26 Kötü ruh adamı sarstı ve büyük bir çığlık atarak içinden çıktı.

27 Herkes şaşıp kaldı. Birbirlerine, ‹‹Bu nasıl şey?›› diye sormaya başladılar. ‹‹Yepyeni bir öğreti! Kötü ruhlara bile yetkiyle buyruk veriyor, onlar da sözünü dinliyor.››

28 Böylece İsayla ilgili haber, Celile bölgesinin her yerine hızla yayıldı.

29 İsa havradan çıkar çıkmaz, Yakup ve Yuhanna ile birlikte Simun ve Andreasın evine gitti.

30 Simunun kaynanası ateşler içinde yatıyordu. Durumu hemen İsaya bildirdiler.

31 O da hastaya yaklaştı, elinden tutup kaldırdı. Kadının ateşi düştü, onlara hizmet etmeye başladı.

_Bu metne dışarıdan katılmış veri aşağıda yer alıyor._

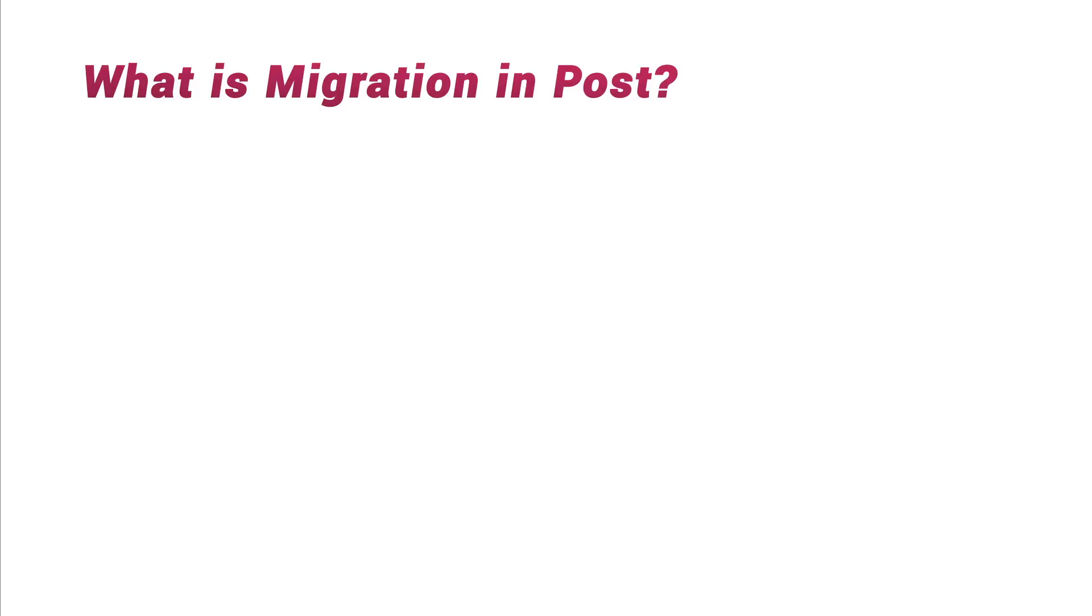Hi there, and let's get to it! I'd like to begin by defining what migration in post is.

32 Akşam olup güneş batınca, bütün hastaları ve cinlileri İsaya getirdiler.

33 Bütün kent halkı kapıya toplanmıştı.

34 İsa, çeşitli hastalıklara yakalanmış birçok kişiyi iyileştirdi, birçok cini kovdu. Cinlerin konuşmasına izin vermiyordu. Çünkü onlar kendisinin kim olduğunu biliyorlardı.

35 Sabah çok erkenden, ortalık henüz ağarmadan İsa kalktı, evden çıkıp ıssız bir yere gitti, orada dua etmeye başladı.

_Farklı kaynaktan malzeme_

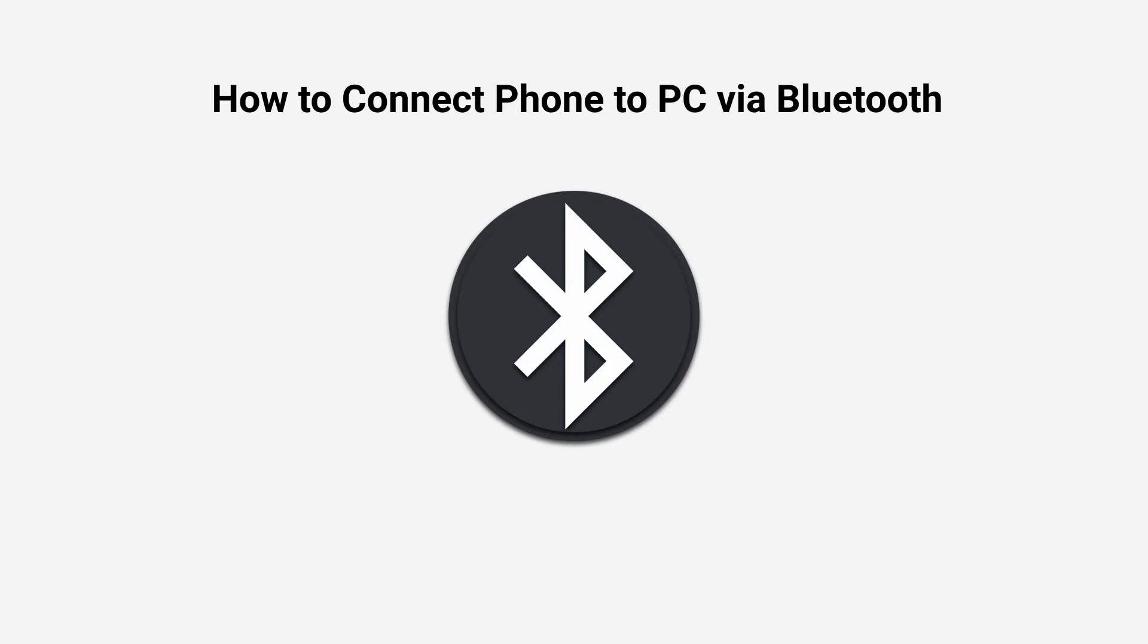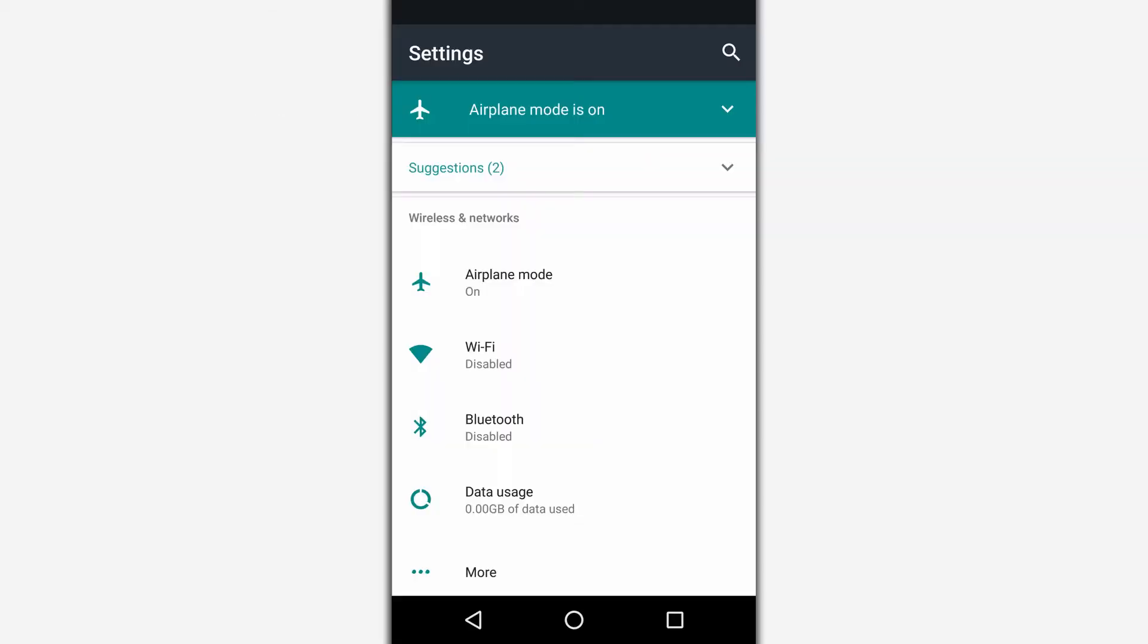Hello everyone! In this video I'll tell you how to connect your phone to the PC via Bluetooth.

36 Simun ile yanındakiler İsayı aramaya çıktılar.

37 Onu bulunca, ‹‹Herkes seni arıyor!›› dediler.

38 İsa onlara, ‹‹Başka yerlere, yakın kasabalara gidelim›› dedi. ‹‹Oralarda da Tanrı sözünü duyurayım. Bunun için çıkıp geldim.››

39 Böylece havralarında Tanrı sözünü duyurarak ve cinleri kovarak bütün Celile bölgesini dolaştı.

40 İsaya cüzamlı biri geldi, diz çökerek, ‹‹İstersen beni temiz kılabilirsin›› diye yalvardı.

41 İsanın yüreği sızladı, elini uzatıp adama dokundu, ‹‹İsterim, temiz ol!›› dedi.

42 Adam anında cüzamdan kurtulup tertemiz oldu.

43 İsa onu sıkıca uyararak hemen yanından uzaklaştırdı.

44 ‹‹Sakın kimseye bir şey söyleme!›› dedi. ‹‹Git, kâhine görün ve cüzamdan temizlendiğini herkese kanıtlamak için Musanın buyurduğu sunuları sun.››

45 Ne var ki, adam çıkıp gitti, olayla ilgili haberi her tarafa yayıp duyurmaya başladı. Öyle ki, İsa artık hiçbir kente açıkça giremez oldu. Ancak dışarıda, ıssız yerlerde kalıyordu. Ve halk her yerden O'na akın ediyordu.